Exactly as written, copy every line from the one containing "1889 Autumn Ln, Vista" through the end of the records, with the pictures left out.

[Stored records]

___

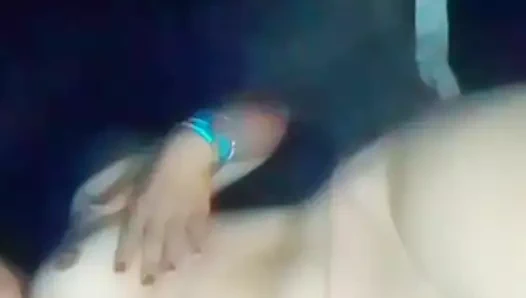 Esi Hintli ateşli seksi kız mastürbasyon yapıyor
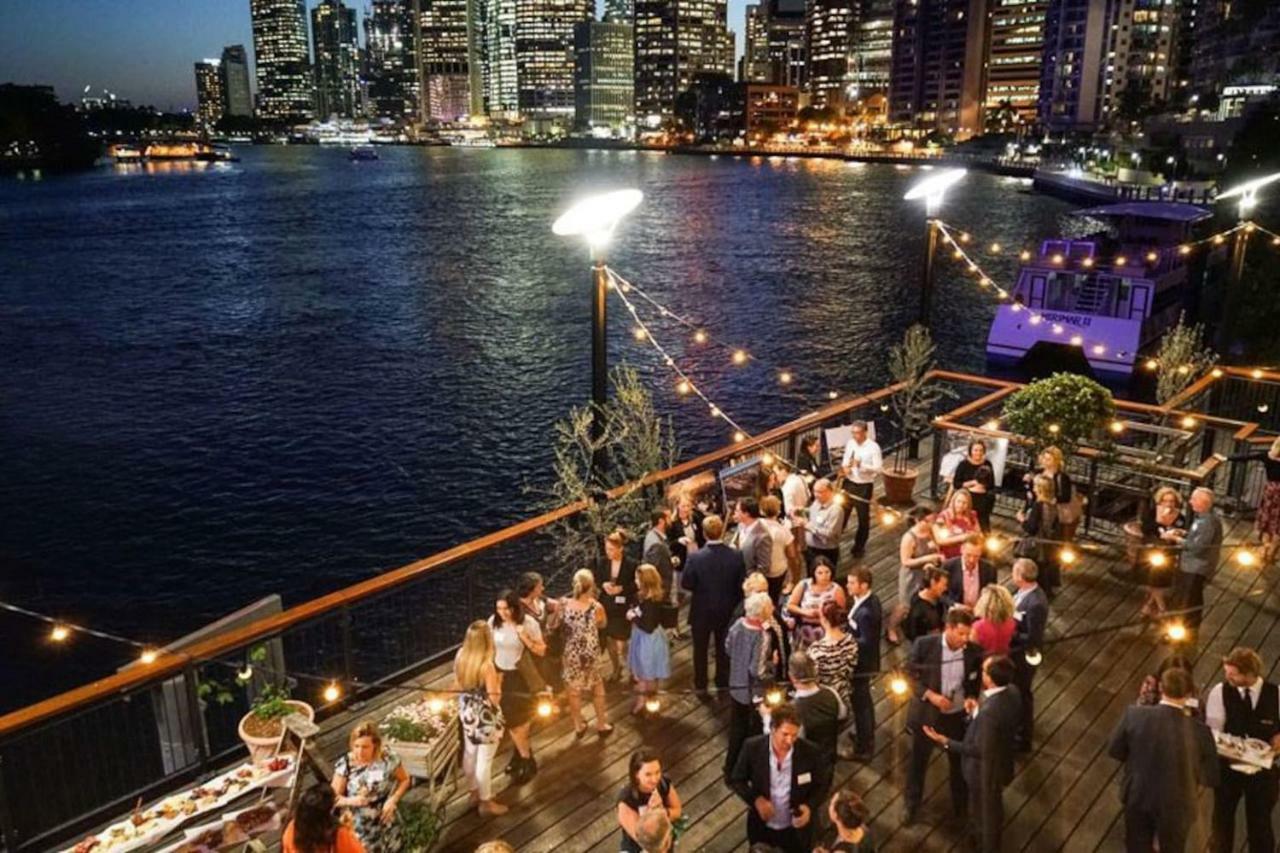 Amazing River View - 3 Bedroom - Cbd - Netflix - Fast Wifi - Carpark Apartment *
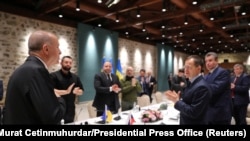 Президент Туреччини Ердоган зустрічає переговорників від України і Росії у Стамбулі 29 березня 2022 року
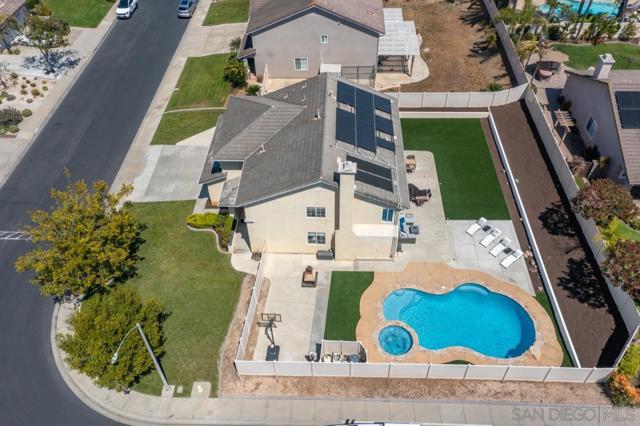 1889 Autumn Ln, Vista CA: https://media.crmls.org/mediaz/b25110f3-f003-42da-9a1f-f02c24061fb1.jpg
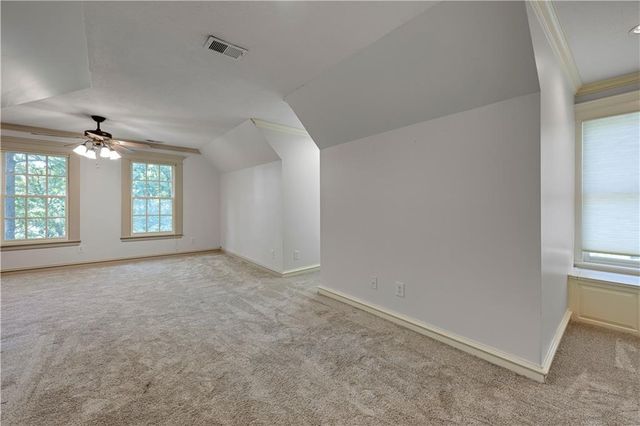 20 E Loch Lloyd Parkway, Loch Lloyd, MO 64012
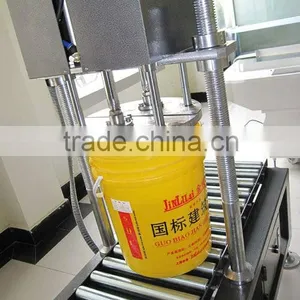 Capping Machine for Drum thumbnail-1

___

● PROBLEM SOLUTION
 1889 Autumn Ln, Vista CA: https://media.crmls.org/mediaz/b25110f3-f003-42da-9a1f-f02c24061fb1.jpg
 20 E Loch Lloyd Parkway, Loch Lloyd, MO 64012
 Capping Machine for Drum thumbnail-1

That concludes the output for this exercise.